I tried with Sex. We both did. The first season, Billy and I would tune in and stare at the TV and then to one another. “Was that funny?” I’d ask and Billy would shrug, and then the next week, we’d tune in again. After the first four episodes, though, we decided it was more harmful watching Sarah Jessica Parker trying to wring out a laugh from Michael Patrick King’s scripts than it was to, say, play chicken on the freeway. I went back though, season after season, to see what I was missing and I always came back with the same answer. Nothing.
It all starts on the page, they say, and Sex In The City’s certainly no exception. The leaden narration by SJP weaves together a common tale of four gay men outfitted as real women, each one costumed and ready for the parade. Except for poor Kristin Davis, the cast is a grim collection. Sarah looks like a Pez dispenser with its little candy pill ready to come right out of her throat if she tilted back far enough. The mealy-mouthed Cynthia Nixon has less sex appeal than her surname. And Kim Cattrell. Yes, Kim, we stipulate women over 40 are beautiful and sexy. Okay? Good luck finding your next job.
I’m annoyed at myself for not liking this show. I’m a gay man, after all, and I should find any mention of rimming to be funny, right? It doesn’t even matter the context, does it? Just having Kim say it gives America a collective spit take. And what’s not to like about Chris Noth?
I hate being the contrarian. It doesn’t suit me.
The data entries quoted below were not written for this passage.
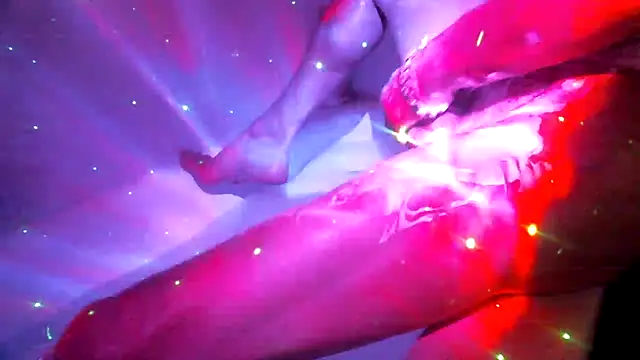 justinewe69 online show from February 6, 4:52 am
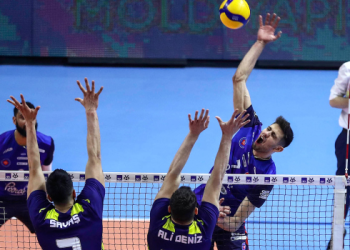 Halkbank seride durumu 2-0 yaptı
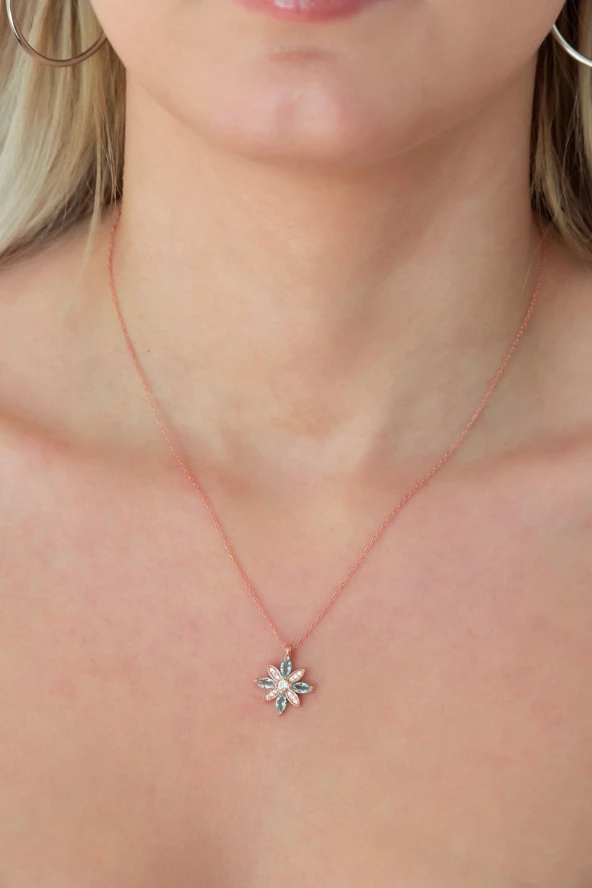 925 Ayar Aquamarin Taşlı Çiçek Kadın Gümüş Kolye ürün görseli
I embrace popular culture in ways some feel unnatural. But Sex In The City? Can someone please, and I have a twenty dollar bill ready to be sent to you, point to one single funny moment on that show that wasn’t telegraphed with a bullhorn or didn’t have the underbelly of titillation or was just plain clever? Anyone?
The best part about the show going off the air, however, is there will only be one more award season where we have to endure Jessica’s manufactured breathlessness as she grasps her statuette in mock surprise. That really isn’t funny.